Nem sempre as informações transmitidas pelas companhias nos fatos relevantes e outros comunicados ao mercado são proeminentes como sugerido que fossem. Em 24 de julho, essa situação foi evidenciada pela LLX Logística. Questionada pela Comissão de Valores Mobiliários (CVM) sobre a existência de …



Nem sempre as informações transmitidas pelas companhias nos fatos relevantes e outros comunicados ao mercado são proeminentes como sugerido que fossem. Em 24 de julho, essa situação foi evidenciada pela LLX Logística. Questionada pela Comissão de Valores Mobiliários (CVM) sobre a existência de algum fator que justificasse a oscilação das ações, a companhia divulgou um comunicado afirmando que não tinha nada de novo para contar. Informou que “constantemente estuda possibilidades de novos negócios e arranjos societários, sendo certo que, até o presente momento, não há proposta, documento vinculante ou qualquer decisão nesse sentido”. No entanto, três dias úteis depois, uma surpresa: a área de relações com investidores (RI) anunciou o fechamento do capital da LLX, conforme oferta do acionista controlador, o empresário Eike Batista.
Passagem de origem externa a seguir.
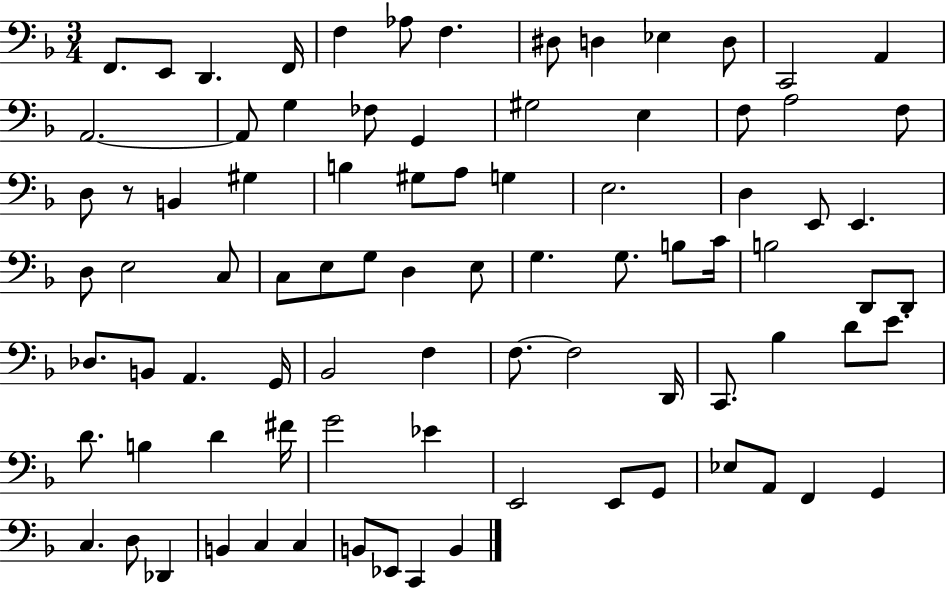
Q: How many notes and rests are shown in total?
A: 86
No dia 19 de julho, foi a vez de a Gol divulgar um fato relevante para anunciar aos acionistas que Leonardo Gomes Pereira, vice-presidente de finanças e estratégia e de RI, havia sido indicado para ocupar a presidência da CVM. No entanto, a escolha de Pereira já tinha sido anunciada dois dias antes.

Na avaliação de Geraldo Soares, coordenador do Comitê de Orientação para Divulgação de Informações ao Mercado (Codim), episódios como esses abalam a credibilidade das empresas e, principalmente, das áreas de RI. “As questões que se colocam são: a companhia negou um fato porque achou que o negócio demoraria a ser concretizado? Ou a área de RI não sabia o que estava acontecendo?”, questiona. Carlos Alexandre Lobo, sócio do Veirano Advogados, reconhece que, em muitos casos, falta experiência desses profissionais para divulgar fatos relevantes.

De acordo com a CVM, a autarquia julgou, desde 2011, três processos e firmou dois termos de compromisso devido à não divulgação de fato relevante. Um dos mais recentes teve como alvo a própria Gol e o futuro presidente da autarquia. Pereira firmou um termo de compromisso de R$ 200 mil para encerrar o processo que apurava a ausência de divulgação pela companhia, em julho do ano anterior, de mudanças em suas projeções de resultados. Procuradas, as empresas não atenderam aos pedidos de entrevista.